Researchers in Belgium have uncovered a novel treatment that promises to be an effective cure for tuberculosis (TB). The respiratory disease has been experiencing a major global comeback due to the emergence of resistant strains of the bacteria that causes it and the spread of AIDS.
Tuberculosis is joining that list of diseases, including polio, which science appeared to have conquered, only for it to rear its ugly head again years later. Some 40 years ago, effective treatments were wiping the disease off the face of the Earth but today TB is making an astonishing comeback.
One reason for this can be summed up in the adage that, as science builds better mousetraps, nature builds better mice. Antibiotic-resistant strains of TB have made current treatments less effective. In addition, the HIV-AIDS epidemic sweeping across many parts of the world is making matters worse since the killer disease often triggers the latent TB which is carried by an estimate one in three of the world’s population.
This has driven up the TB death toll to 2 million people worldwide every year, prompting the World Health Organisation (WHO) to declare it a global health crisis.

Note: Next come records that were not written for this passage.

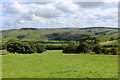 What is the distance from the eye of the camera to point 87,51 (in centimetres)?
9381

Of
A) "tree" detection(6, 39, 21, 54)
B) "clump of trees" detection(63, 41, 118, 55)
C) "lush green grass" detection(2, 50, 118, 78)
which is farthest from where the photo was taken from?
"clump of trees" detection(63, 41, 118, 55)

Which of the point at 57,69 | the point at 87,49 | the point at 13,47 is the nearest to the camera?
the point at 57,69

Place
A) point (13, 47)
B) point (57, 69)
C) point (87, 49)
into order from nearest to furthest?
point (57, 69)
point (13, 47)
point (87, 49)

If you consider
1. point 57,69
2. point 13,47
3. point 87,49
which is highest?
point 13,47

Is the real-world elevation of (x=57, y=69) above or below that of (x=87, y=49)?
above

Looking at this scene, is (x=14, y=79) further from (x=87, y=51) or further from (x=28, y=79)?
(x=87, y=51)

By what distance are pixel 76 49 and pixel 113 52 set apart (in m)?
26.2

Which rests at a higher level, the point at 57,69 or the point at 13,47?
the point at 13,47

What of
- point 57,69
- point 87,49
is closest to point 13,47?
point 87,49

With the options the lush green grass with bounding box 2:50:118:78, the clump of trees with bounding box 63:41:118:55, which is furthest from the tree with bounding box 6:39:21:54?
the lush green grass with bounding box 2:50:118:78

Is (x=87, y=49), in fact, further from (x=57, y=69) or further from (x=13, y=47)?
(x=57, y=69)

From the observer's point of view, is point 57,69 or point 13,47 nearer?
point 57,69

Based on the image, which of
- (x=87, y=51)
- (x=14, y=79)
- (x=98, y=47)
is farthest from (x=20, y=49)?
(x=14, y=79)

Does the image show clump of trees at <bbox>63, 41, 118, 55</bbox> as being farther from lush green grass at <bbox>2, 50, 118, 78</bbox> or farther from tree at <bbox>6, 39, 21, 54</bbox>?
lush green grass at <bbox>2, 50, 118, 78</bbox> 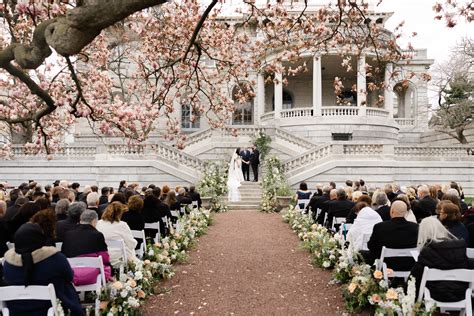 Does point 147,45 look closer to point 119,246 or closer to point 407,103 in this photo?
point 119,246

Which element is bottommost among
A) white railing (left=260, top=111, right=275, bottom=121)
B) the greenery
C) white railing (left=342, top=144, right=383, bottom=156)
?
white railing (left=342, top=144, right=383, bottom=156)

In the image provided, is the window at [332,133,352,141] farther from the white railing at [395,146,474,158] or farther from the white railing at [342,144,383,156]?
the white railing at [342,144,383,156]

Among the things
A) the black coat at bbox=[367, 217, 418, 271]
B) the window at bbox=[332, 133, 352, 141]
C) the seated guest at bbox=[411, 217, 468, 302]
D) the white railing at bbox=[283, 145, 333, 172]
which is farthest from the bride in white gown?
the seated guest at bbox=[411, 217, 468, 302]

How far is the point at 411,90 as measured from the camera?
3972 cm

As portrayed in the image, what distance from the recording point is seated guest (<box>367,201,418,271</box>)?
21.6 feet

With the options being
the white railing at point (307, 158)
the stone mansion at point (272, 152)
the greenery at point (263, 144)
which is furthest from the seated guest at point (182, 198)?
the greenery at point (263, 144)

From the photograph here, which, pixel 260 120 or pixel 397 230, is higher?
pixel 260 120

In response to this growing challenge, a team of scientists in Belgium has developed a novel cure for TB which has proved successful on mice and is doing well in preliminary human trials.

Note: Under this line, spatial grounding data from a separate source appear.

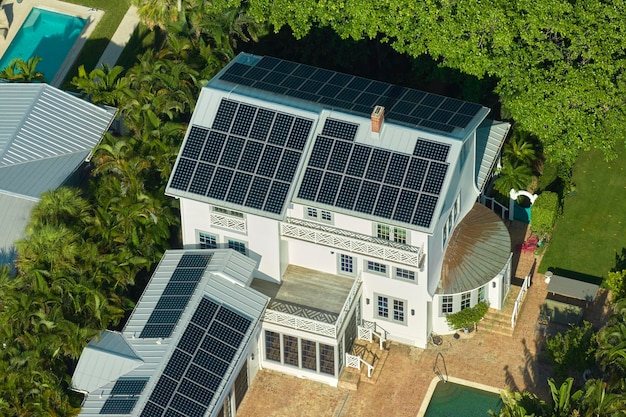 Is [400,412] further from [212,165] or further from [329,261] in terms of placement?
[212,165]

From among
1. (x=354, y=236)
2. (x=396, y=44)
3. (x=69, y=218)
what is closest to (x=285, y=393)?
(x=354, y=236)

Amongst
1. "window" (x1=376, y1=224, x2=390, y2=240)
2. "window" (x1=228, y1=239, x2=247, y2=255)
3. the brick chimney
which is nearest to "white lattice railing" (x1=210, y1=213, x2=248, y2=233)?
"window" (x1=228, y1=239, x2=247, y2=255)

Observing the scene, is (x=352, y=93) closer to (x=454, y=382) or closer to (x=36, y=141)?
(x=454, y=382)

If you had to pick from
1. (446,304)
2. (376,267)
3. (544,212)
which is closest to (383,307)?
(376,267)

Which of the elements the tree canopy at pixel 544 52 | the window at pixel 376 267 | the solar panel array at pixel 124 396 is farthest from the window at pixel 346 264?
the tree canopy at pixel 544 52

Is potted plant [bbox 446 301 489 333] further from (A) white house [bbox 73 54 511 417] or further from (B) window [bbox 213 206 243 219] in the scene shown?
(B) window [bbox 213 206 243 219]

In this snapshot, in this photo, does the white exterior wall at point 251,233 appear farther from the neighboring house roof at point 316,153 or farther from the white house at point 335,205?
the neighboring house roof at point 316,153

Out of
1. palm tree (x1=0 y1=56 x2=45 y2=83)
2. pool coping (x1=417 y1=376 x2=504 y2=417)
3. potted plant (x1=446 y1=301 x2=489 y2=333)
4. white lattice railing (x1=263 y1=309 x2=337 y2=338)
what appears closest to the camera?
white lattice railing (x1=263 y1=309 x2=337 y2=338) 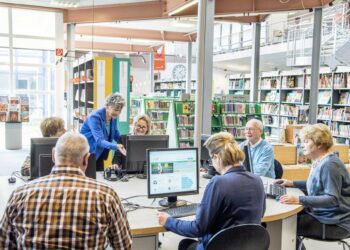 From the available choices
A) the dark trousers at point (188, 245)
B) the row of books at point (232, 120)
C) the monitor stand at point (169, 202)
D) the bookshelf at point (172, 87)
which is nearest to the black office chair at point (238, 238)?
the dark trousers at point (188, 245)

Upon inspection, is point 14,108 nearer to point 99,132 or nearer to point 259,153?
point 99,132

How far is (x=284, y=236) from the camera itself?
2.95 metres

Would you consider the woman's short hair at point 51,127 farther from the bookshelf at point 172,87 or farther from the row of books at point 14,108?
the bookshelf at point 172,87

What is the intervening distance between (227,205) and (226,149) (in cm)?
36

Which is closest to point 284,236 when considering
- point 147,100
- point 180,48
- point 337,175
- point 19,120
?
point 337,175

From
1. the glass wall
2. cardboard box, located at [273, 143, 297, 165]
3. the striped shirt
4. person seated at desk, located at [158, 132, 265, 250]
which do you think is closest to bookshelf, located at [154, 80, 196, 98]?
the glass wall

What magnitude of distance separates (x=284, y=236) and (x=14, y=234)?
2.04m

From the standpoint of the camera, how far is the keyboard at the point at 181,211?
8.43 ft

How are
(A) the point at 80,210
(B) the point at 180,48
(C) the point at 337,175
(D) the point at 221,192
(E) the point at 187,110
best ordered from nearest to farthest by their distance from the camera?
(A) the point at 80,210, (D) the point at 221,192, (C) the point at 337,175, (E) the point at 187,110, (B) the point at 180,48

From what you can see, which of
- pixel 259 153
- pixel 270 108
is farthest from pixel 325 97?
pixel 259 153

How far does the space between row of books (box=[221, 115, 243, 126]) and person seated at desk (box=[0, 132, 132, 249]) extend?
6214 mm

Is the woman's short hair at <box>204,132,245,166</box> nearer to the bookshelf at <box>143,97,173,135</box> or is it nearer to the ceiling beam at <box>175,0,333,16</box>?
the ceiling beam at <box>175,0,333,16</box>

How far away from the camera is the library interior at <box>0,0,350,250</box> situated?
5.96 ft

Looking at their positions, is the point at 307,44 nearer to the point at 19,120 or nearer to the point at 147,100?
A: the point at 147,100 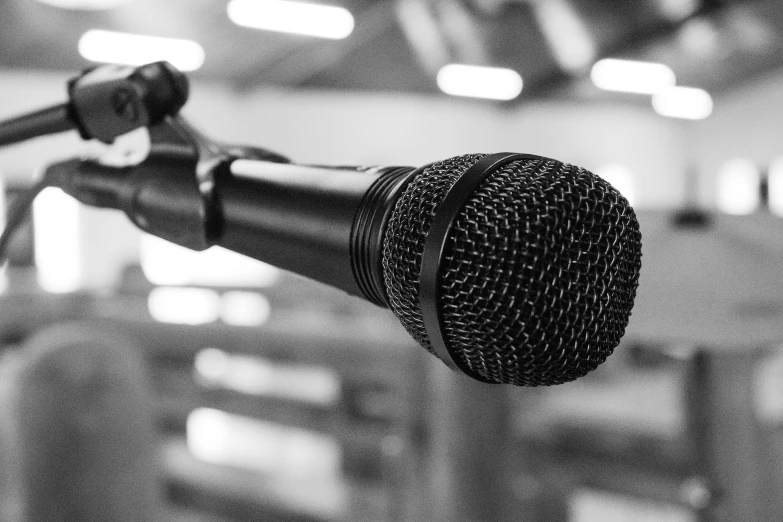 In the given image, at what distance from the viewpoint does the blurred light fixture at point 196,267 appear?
8.86 m

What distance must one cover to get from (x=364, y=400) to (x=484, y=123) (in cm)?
805

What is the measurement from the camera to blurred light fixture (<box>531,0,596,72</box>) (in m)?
6.51

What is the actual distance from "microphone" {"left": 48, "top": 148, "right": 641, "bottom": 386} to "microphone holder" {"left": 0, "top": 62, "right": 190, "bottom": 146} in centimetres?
17

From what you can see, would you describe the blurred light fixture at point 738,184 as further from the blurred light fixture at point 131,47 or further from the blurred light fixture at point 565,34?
the blurred light fixture at point 131,47

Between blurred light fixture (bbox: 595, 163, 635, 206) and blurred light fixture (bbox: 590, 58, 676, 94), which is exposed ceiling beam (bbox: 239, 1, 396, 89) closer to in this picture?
blurred light fixture (bbox: 590, 58, 676, 94)

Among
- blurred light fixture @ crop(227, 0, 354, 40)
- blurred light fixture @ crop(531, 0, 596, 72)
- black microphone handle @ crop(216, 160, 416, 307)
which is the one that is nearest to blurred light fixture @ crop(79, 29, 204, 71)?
blurred light fixture @ crop(227, 0, 354, 40)

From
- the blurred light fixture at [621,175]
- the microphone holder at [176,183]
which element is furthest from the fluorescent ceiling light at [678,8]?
the microphone holder at [176,183]

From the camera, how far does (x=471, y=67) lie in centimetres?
792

The team at Johnson & Johnson’s research centre in Belgium came across a new compound – known simply as R207910 – that attacks mycobacterium tuberculosis, the bacterium that causes TB, in a new way. “The drug acts through a novel mechanism of action, and is therefore active against multi-drug resistant (MDR) strains of TB tested so far,” Dr Koen Andries, who heads the team, was quoted as saying.
R207910 belongs to a new family of anti-TB agents called diarylquinolines (DARQ) and appears to have better antibiotic properties than the drugs currently in use. One promising feature of the new compound is that it could speed up treatment time.
TB is currently treated with a cocktail of drugs which must be taken for six to nine months – prematurely ending treatment is one reason why resistant strains emerge. Results in mice suggest that R207910 can cure it in about half the time.
“For a long time, there has been a move to find a drug that is safe and effective and completely cures the patient in a shorter time,” Andries notes. “A new drug that could shorten or simplify effective treatment would dramatically improve TB control programmes.” The new compound is currently undergoing human clinical trials.
A recent WHO study showed that multi-drug resistant strains of TB are becoming a major threat to Europe, particularly on its eastern flank in Russia and some Baltic states. This makes TB as much a European problem as it is a world one.
The EU’s Sixth Research Framework Programme is investing large sums in researching the disease and other communicable diseases, such as HIV-AIDS and malaria. In addition, the Union has allocated over €1 billion to fighting these three killer conditions which claim 6 million lives per year.